Ses icônes :Lily-Rose Depp l’incarne à merveille, surtout à l’export, entre French touch et aura internationale. Jeanne Damas en a fait le centre de sa marque, Rouje : ligne de vêtements, collection de make-up et, désormais, cantine branchée. Dans la même veine, bienvenue à la jeune Sabina Socol, aux faux airs de Bardot période baby doll, chouchoute des marques comme Lancôme ou Marc Jacobs.
Son slogan : « Le panier, c’est mon it-bag. »

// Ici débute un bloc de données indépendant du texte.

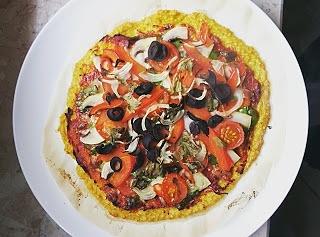 Bezglutenowa pizza jaglana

Kit de démarrage : blouse à motifs petits cœurs Rouje, jupe fleurie, sandales à bouts carrés de chez Jacquemus.
4. La e-girl
Sa panoplie : on la croirait tout droit sortie d’un manga. Maquillée façon kawaï, arborant une chevelure pastel, la e-girl («e» pour emo ou emocore, soit emotional hardcore, violence émotionnelle) est une sorte de recyclage de la gothique japonisante des années 1990, mais version Tik Tok. C’est en effet sur ce réseau social qui monte que l’e-girl prolifère. Des millions de vidéos lui sont consacrées. Pour résumer, c’est un peu Avril Lavigne avec son look rock-skate des années 2000, réinitialisée en 2020 par les réseaux numériques.
Ses icônes :Margot Robbie en Harley Quinn dans le film Suicide Squad. Mais surtout Billie Eilish, chanteuse américaine de 18 ans. Avec sa moue déprimée, ses cheveux verts et ses looks délibérément baroques (souvent signés Gucci, Burberry, Prada), elle incarne à merveille cette tribu protéiforme et inventive.
Son slogan : «C’est quoi, le code wifi ?»
Kit de démarrage : un pantalon multipoche signé Vetements. Noir, forcément.
5. La VSCO girl
Sa panoplie : son nom est tiré d’un filtre numérique - VSCO, prononcer «visco» - permettant de retoucher des photos façon happy. Cheveux blonds de surfeuse rehaussés d’un chouchou, bracelets brésiliens, couleurs flashy, ce nouvel avatar de la «fille populaire du lycée» a vu le jour sur les réseaux sociaux, notamment Instagram, où les occurrences se comptent par millions. Nature mais hyperconnectée, écolo-friendly et parfois raillée pour sa superficialité, elle ne se sépare jamais de sa gourde et de sa paille recyclée.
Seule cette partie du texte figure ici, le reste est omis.